In contrast to prior experiments whether in vertebrates or invertebrates, this wolf spider study distinguishes itself from previous examples of socially influenced mating preferences such as sexual imprinting or mate-choice copying based on the life stage during which the social influence acts. For example, although mate-choice copying involves prior adult experience, sexual imprinting generally involves “early” social interactions, often during a critical period (33). The phenomenon described in this study, however, involves the penultimate, or subadult, life stage: the equivalent of “teenagers.” Unlike processes of sexual imprinting, the influence of subadult experience on adult mate choice described here cannot involve parental phenotypes, because (i) spiders do not exhibit parental care and (ii) the subadult females used in this study were already ≈10 months old. Because of the 1-year life span of S. uetzi, all parents are generally dead within 1-2 months of their offspring hatching (i.e., 8 months before the female exposure treatments). Also, unlike scenarios of prior adult experience, my results imply that subadult female wolf spiders are not only able to learn male phenotypes but that they retain this memory through their final maturation molt and for another 11-20 days beyond maturation and ultimately incorporate this memory into adult mate-choice decisions. The effect of prior subadult female exposure then does not manifest itself for almost 3 weeks, and one molt, after the experience itself. This study suggests that the complexity of factors involved in mate-choice decisions of arthropods, at least wolf spiders, may not be much less than those involved in vertebrate decision making.

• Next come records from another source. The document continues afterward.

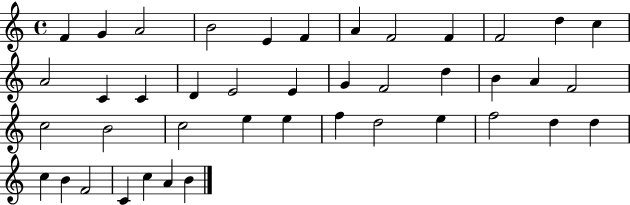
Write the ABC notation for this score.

X:1
T:Untitled
M:4/4
L:1/4
K:C
F G A2 B2 E F A F2 F F2 d c A2 C C D E2 E G F2 d B A F2 c2 B2 c2 e e f d2 e f2 d d c B F2 C c A B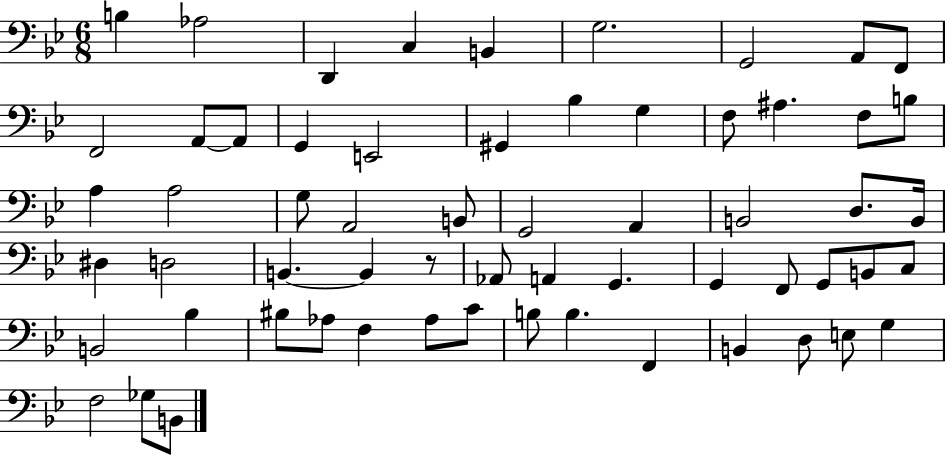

The evolutionary implications of subadult experience influencing adult mate choice are potentially very different from those involving what we traditionally think of as “imprinting” or mate-choice copying. Unfortunately, it is currently difficult to predict the trajectory of male secondary sexual trait evolution via a process of female choice where females attain mating preferences based on subadult experience. Exploring the evolutionary outcomes of selection from such a process is a future direction for which modeling may prove to be very useful. Initially, intuition suggests that male traits will simply go to fixation. For example, the more common phenotype will presumably mate more frequently, because it will also be the familiar phenotype, and given that the male phenotype is heritable, it will ultimately spread throughout the population. However, it is not as simple as it first seems, because the phenotype frequency that ultimately will influence adult mate choice in this scenario will occur relatively early in the season, while females are still subadults. It is the frequency of male phenotypes during the female penultimate life stage that will influence adult female mating preferences. Currently, we do not know how or if the natural frequency of phenotypes in the population varies throughout a season. A common phenotype early in the season may not be a common phenotype later in the season and vice versa. For example, different phenotypes may experience differing levels of selection based on factors such as variable predation risk, and this could influence the frequency of different phenotypes through time. Furthermore, it is unlikely that all females in a population will gain exposure to a mature male during their subadult stage, and, as such, the effect that I describe in this study is realistically likely to affect only a subset of females. Unexposed females are presumably using other means by which to choose mates. Regardless, the acquisition of mating preferences through subadult experience is likely to affect the maintenance of alternative male phenotypes in the population and may even select for variable male strategies such as actively seeking interactions with subadult females. More studies clearly are needed, both empirical and theoretical, to explore the possible evolutionary effects of this socially influenced origin of female mating preference.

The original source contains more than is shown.